A SURVEY commissioned by the Documentation Centre of Cambodia (DC-Cam) will ask ordinary Cambodians to weigh in on the question that has divided the national and international prosecutors at the Khmer Rouge tribunal: Should additional suspects be brought to trial?
DC-Cam Director Youk Chhang said the survey, to be administered over the next few weeks, will give Cambodians not affiliated with the war crimes court an opportunity to voice their views as to how it should be run.
"The role of the ECCC is to provide a final judgment to the victims, and a fair judgment cannot be made unless they listen to the victims," he said. "Victims are not only the witness of history; they are also judges."

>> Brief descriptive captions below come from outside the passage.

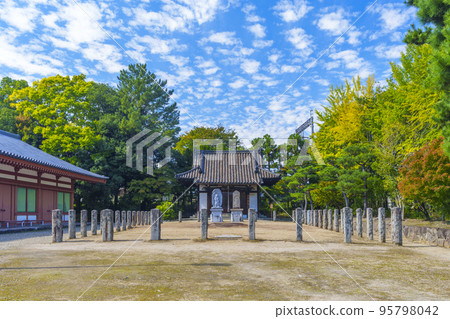 Yakushi-ji Temple: Fudo-do (Nara Prefecture) stands quietly 95798042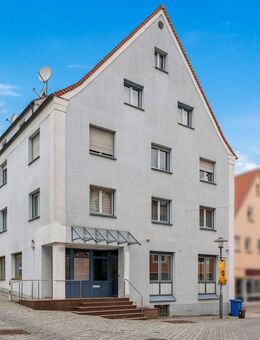 Solide Kapitalanlage in Bopfingen - Modernisiertes MFH mit Gewerbeeinheit Mitten im Zentrum - Bopfingen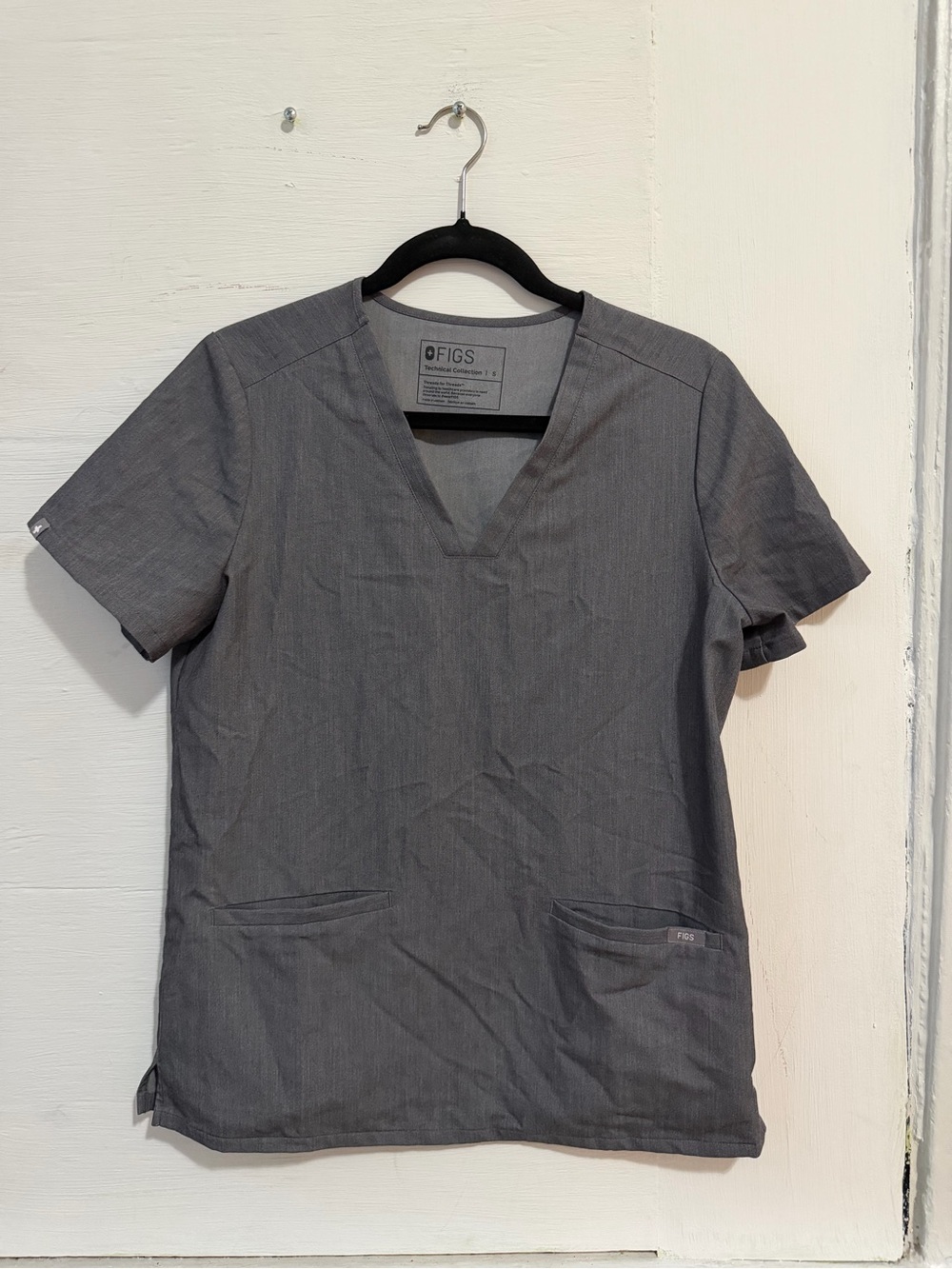 FIGS Women’s Charcoal Grey Scrub Set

Robert Petit, the international prosecutor at the tribunal, filed a "statement of disagreement" last month after he failed to reach an agreement with Chea Leang, his Cambodian counterpart, on his proposal to submit more suspects for investigation.
Chea Leang has reiterated her opposition to expand the list of suspects beyond the five currently detained, saying such a move could stymie efforts at national reconciliation and overstretch the court's budget.
In addition to asking respondents whether they think the ECCC should try more than the five current detainees, the survey asks whether they think "the cost of the trials should be an important factor" in determining how many KR leaders to prosecute; if they expect additional prosecutions would lead to "public disorder or violence"; and whether they think the ECCC should wait for the trials of the current detainees to be completed before making fresh indictments.
Youk Chhang said he was forming a "professional team" to arrange for the survey to be conducted, adding that he expects to receive results by early February.